V.N. Kutty’s half-an-hour show in 1957 played a crucial role in bringing the genre to the mainstream.

Until V.N. Kutty arrived, Mappilappattu was just another delightful form of music. If the stream is popular enough today to have multiple reality shows, it is all due to the man, who turned 80 recently.

It was a half-an-hour show he led at Kottappadi, Malappuram, in 1957 that took Mappilappattu out of Muslim houses to the mainstream. “I never imagined that Mappilappattu would become so popular,” Kutty told The Hindu on Thursday. “I performed along with four children then. I also played the harmonium and was accompanied on tabala by Govindan.”

Yesudas’s role

Among the songs Kutty rendered was “Samkritha pamagiri…”, which he had composed. It was an instant hit. And it remains one of the most popular songs in the genre.
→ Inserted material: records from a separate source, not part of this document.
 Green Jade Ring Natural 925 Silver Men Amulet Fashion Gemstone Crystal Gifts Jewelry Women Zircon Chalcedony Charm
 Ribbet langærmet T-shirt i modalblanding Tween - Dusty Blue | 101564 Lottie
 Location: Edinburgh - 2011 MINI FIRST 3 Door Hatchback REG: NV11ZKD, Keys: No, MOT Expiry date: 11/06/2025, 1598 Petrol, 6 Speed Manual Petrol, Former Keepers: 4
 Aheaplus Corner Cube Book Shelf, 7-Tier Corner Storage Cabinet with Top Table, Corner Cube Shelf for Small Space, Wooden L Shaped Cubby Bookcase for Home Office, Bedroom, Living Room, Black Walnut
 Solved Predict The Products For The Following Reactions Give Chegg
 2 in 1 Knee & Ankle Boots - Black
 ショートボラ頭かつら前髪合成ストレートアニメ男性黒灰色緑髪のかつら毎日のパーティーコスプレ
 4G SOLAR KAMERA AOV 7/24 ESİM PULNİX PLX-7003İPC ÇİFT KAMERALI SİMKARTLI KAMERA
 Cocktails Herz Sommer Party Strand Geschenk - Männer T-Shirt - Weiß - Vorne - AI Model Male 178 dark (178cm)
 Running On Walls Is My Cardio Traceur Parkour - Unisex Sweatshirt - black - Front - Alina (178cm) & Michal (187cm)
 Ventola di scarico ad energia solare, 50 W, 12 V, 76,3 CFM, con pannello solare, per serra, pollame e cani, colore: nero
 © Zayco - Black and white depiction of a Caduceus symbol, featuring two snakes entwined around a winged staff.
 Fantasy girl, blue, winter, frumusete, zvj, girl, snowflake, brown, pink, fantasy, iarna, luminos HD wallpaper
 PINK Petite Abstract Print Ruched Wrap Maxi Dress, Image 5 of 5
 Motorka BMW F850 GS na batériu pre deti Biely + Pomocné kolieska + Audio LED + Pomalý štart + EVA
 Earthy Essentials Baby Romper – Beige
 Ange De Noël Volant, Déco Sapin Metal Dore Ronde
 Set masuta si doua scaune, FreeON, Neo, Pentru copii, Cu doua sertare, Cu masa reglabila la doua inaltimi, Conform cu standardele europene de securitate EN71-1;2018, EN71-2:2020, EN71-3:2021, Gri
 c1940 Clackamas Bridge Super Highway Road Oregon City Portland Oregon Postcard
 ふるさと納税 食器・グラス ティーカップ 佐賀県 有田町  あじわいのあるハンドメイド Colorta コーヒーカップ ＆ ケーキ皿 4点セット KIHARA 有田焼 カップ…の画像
Yesudas also played a key role in that. “Yesudas had wanted me to compose a Mappilappattu album for his music company Tharangini,” recalls Kutty. “He had already released another album, which had drawn some criticism. We recorded ‘Mylanchi Pattukal’ in 1984 and “Samkritha pamagiri…” was one of the 12 songs in the album. After Yesudas sang it, the song reached a much wider audience than I could have imagined.”

He says he still gets requests to sing the song in every show of his. “I sang it just a couple of days ago too,” he says. “I have had several other hit songs too, such as “Thollayirathi irupathi onnil…”, “Makka marubhoomiyil…” and “Padappu padappodu…”. Then there are songs such as “Hajjinte ravil…” (Vilayil Valsala) and “Arab nattil…” (Malappuram Beena)” which I composed for other singers.

There was a time when Kutty used to have programmes on all days of a month. “Composer M.S. Baburaj used to accompany me on those shows,” he says. “I still have about 10 shows a month.”

It was after singing at the All India Radio station in Kozhikode, as a student, that Kutty got the confidence to perform in shows. “I had my first recording in 1955 and K. Raghavan conducted the orchestra for me,” he reminisces. “I found that my songs were well received by listeners.”


Veteran playback singer V.T. Murali remembers listening to Kutty, while growing up at Vadakara. “We cannot think of Mappilappattu without V.M. Kutty; he has become a synonym for Mappilappattu,” he says. “I also admire him as a writer and scholar. I believe he has never got his due as an artiste. Why cannot he be recommended for an honour like Padma Shri?”

Kutty has no complaints, though. “I have never applied for awards or fellowships,” he says. “I am happy with my music and the appreciation I get from music lovers.”